Reproduce the material that follows, please, but only from its first line to the line containing "Red handbag", inclusive.

[[ DATA IN THIS EXERCISE, beginning ]]

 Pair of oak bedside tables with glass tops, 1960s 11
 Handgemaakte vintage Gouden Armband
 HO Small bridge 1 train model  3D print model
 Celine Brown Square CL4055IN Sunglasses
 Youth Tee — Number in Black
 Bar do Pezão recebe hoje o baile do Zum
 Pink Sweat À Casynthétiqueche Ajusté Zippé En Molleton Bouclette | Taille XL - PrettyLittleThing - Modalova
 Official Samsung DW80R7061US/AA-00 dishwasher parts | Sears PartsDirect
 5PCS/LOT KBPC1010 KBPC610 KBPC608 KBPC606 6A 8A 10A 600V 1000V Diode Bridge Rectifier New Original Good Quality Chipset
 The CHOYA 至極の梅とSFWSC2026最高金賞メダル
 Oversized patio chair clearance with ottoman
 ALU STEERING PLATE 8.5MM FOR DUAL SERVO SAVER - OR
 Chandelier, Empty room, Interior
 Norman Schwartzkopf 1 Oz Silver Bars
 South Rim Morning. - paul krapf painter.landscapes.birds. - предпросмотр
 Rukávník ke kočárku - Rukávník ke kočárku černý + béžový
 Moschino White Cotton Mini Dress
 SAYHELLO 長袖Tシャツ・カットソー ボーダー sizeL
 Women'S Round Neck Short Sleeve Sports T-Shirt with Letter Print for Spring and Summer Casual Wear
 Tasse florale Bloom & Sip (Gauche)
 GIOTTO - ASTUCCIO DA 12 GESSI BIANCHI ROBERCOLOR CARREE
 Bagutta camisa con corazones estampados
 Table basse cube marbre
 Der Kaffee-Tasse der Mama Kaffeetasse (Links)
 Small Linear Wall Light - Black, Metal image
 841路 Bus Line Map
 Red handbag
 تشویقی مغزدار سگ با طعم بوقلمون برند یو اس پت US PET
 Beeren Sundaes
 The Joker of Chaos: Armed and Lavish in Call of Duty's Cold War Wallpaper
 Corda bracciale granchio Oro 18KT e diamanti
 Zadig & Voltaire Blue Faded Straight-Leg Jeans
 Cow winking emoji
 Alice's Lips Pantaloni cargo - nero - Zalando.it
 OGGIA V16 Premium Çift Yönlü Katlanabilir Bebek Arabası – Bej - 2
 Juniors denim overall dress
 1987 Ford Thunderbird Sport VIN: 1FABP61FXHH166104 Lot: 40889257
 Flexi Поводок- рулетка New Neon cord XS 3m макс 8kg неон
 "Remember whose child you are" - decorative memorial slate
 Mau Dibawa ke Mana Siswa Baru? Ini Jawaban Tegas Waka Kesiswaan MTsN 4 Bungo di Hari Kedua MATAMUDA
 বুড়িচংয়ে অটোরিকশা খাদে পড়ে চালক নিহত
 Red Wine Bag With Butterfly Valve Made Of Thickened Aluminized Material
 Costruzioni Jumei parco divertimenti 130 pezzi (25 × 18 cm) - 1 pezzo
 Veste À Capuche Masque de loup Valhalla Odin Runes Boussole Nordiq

[[ DATA IN THIS EXERCISE, end ]]

## EXERCISE ANSWER
 Pair of oak bedside tables with glass tops, 1960s 11
 Handgemaakte vintage Gouden Armband
 HO Small bridge 1 train model  3D print model
 Celine Brown Square CL4055IN Sunglasses
 Youth Tee — Number in Black
 Bar do Pezão recebe hoje o baile do Zum
 Pink Sweat À Casynthétiqueche Ajusté Zippé En Molleton Bouclette | Taille XL - PrettyLittleThing - Modalova
 Official Samsung DW80R7061US/AA-00 dishwasher parts | Sears PartsDirect
 5PCS/LOT KBPC1010 KBPC610 KBPC608 KBPC606 6A 8A 10A 600V 1000V Diode Bridge Rectifier New Original Good Quality Chipset
 The CHOYA 至極の梅とSFWSC2026最高金賞メダル
 Oversized patio chair clearance with ottoman
 ALU STEERING PLATE 8.5MM FOR DUAL SERVO SAVER - OR
 Chandelier, Empty room, Interior
 Norman Schwartzkopf 1 Oz Silver Bars
 South Rim Morning. - paul krapf painter.landscapes.birds. - предпросмотр
 Rukávník ke kočárku - Rukávník ke kočárku černý + béžový
 Moschino White Cotton Mini Dress
 SAYHELLO 長袖Tシャツ・カットソー ボーダー sizeL
 Women'S Round Neck Short Sleeve Sports T-Shirt with Letter Print for Spring and Summer Casual Wear
 Tasse florale Bloom & Sip (Gauche)
 GIOTTO - ASTUCCIO DA 12 GESSI BIANCHI ROBERCOLOR CARREE
 Bagutta camisa con corazones estampados
 Table basse cube marbre
 Der Kaffee-Tasse der Mama Kaffeetasse (Links)
 Small Linear Wall Light - Black, Metal image
 841路 Bus Line Map
 Red handbag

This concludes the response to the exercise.